DATA LISTING:
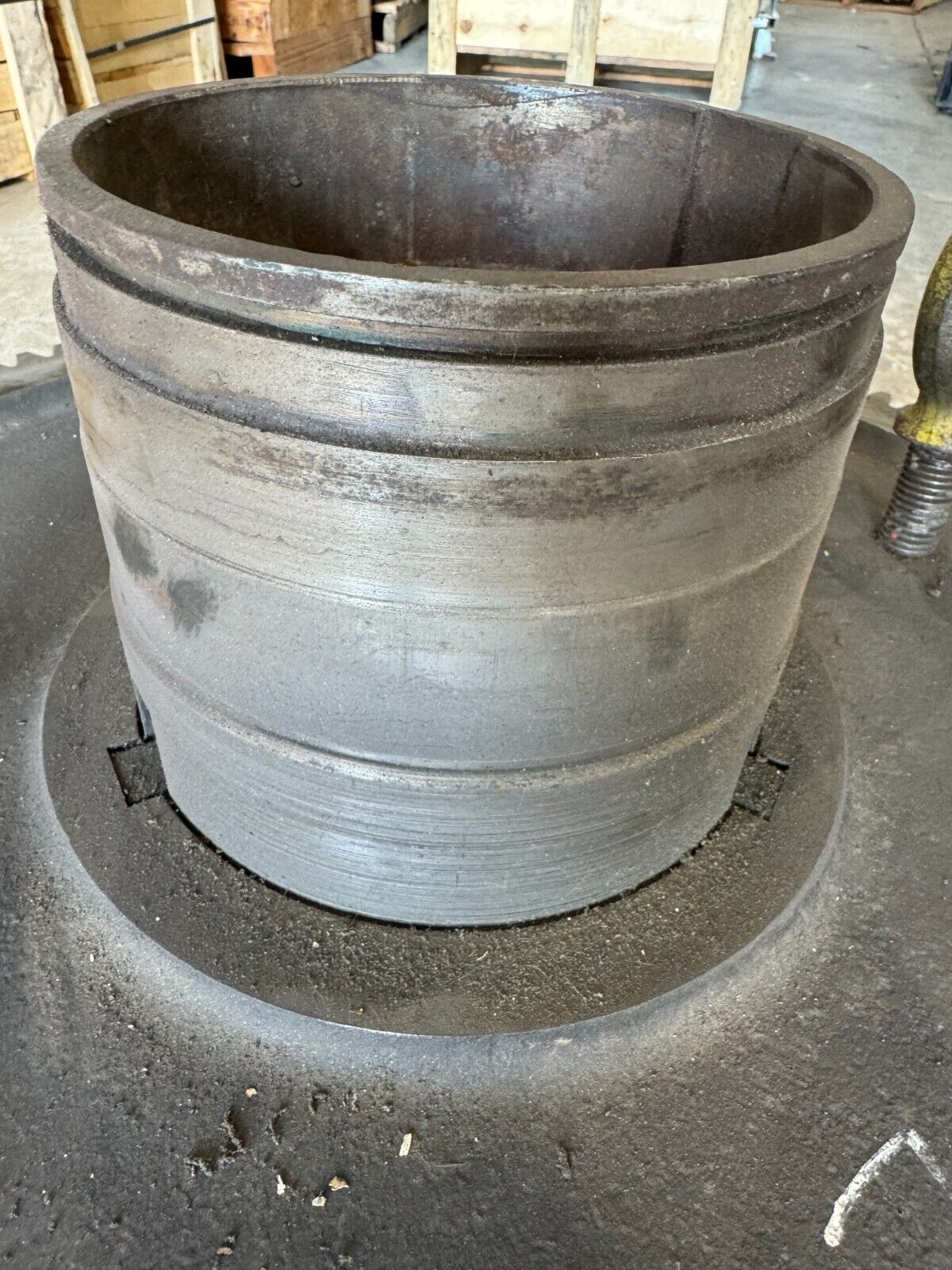 44045590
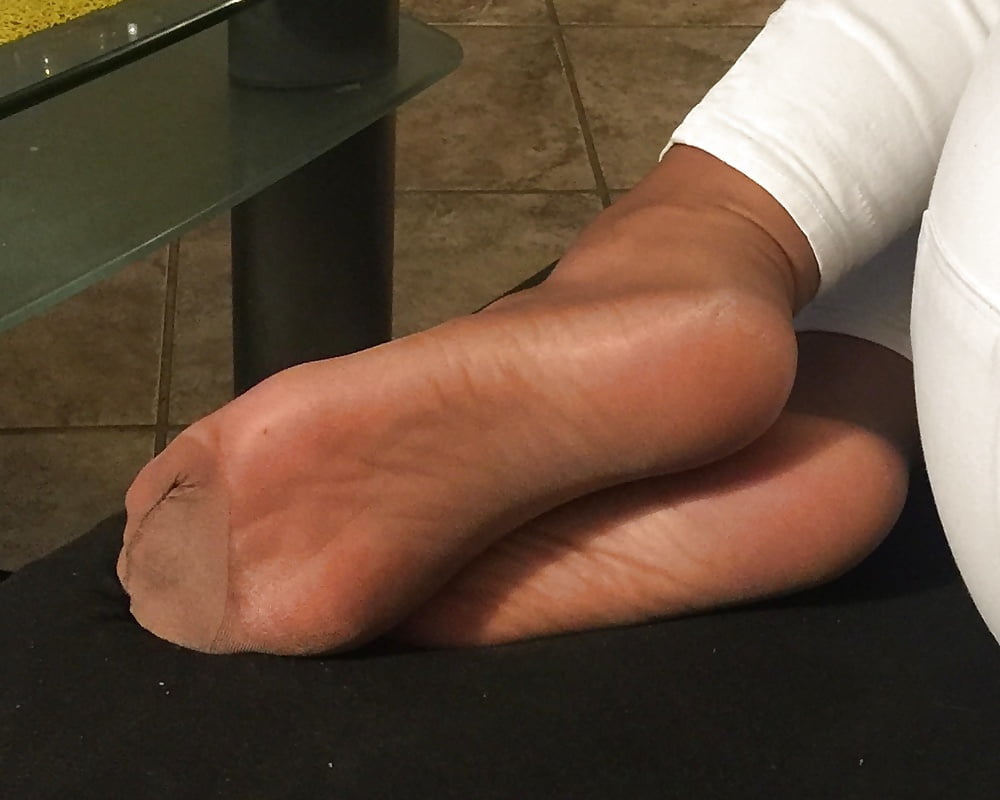 FEET IN NYLON (2) #89918135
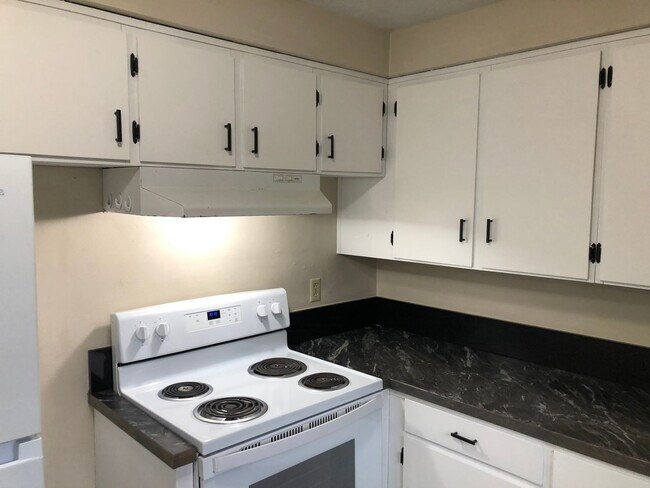 Building Photo - Updated 3 bedroom 1 bath house in Springfi...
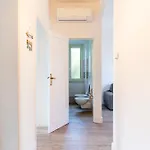 Apartment Guesthost - Modern Sea View With Balcony *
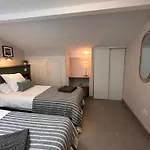 Le Petit Bijou Sete, Quatre Appartements Au Centre Ville, Trois Avec Vue Canal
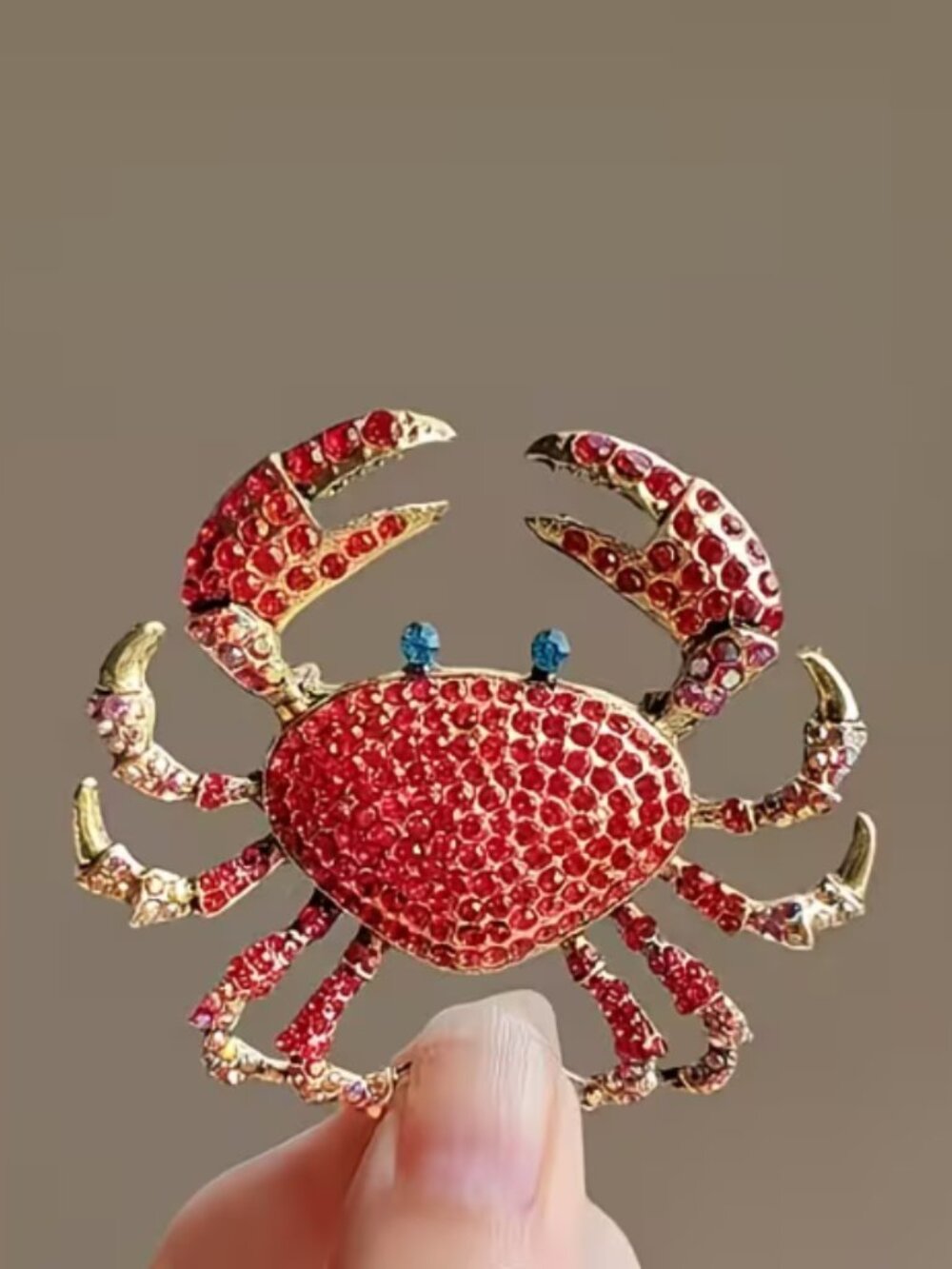 Vintage style Red Crystal Rhinestone Crab Sparkly Goldtoned SeaLife Brooch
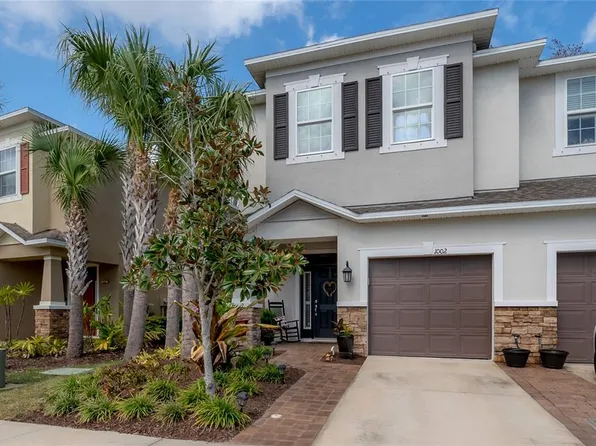 1002 Vineyard Ln, Oldsmar, FL 34677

WORK TO BE COMPLETED: Wherever a picture appears in the material above, skip it and copy the rest without change.

WRITTEN ANSWER:
 44045590
 FEET IN NYLON (2) #89918135
 Building Photo - Updated 3 bedroom 1 bath house in Springfi...
 Apartment Guesthost - Modern Sea View With Balcony *
 Le Petit Bijou Sete, Quatre Appartements Au Centre Ville, Trois Avec Vue Canal
 Vintage style Red Crystal Rhinestone Crab Sparkly Goldtoned SeaLife Brooch
 1002 Vineyard Ln, Oldsmar, FL 34677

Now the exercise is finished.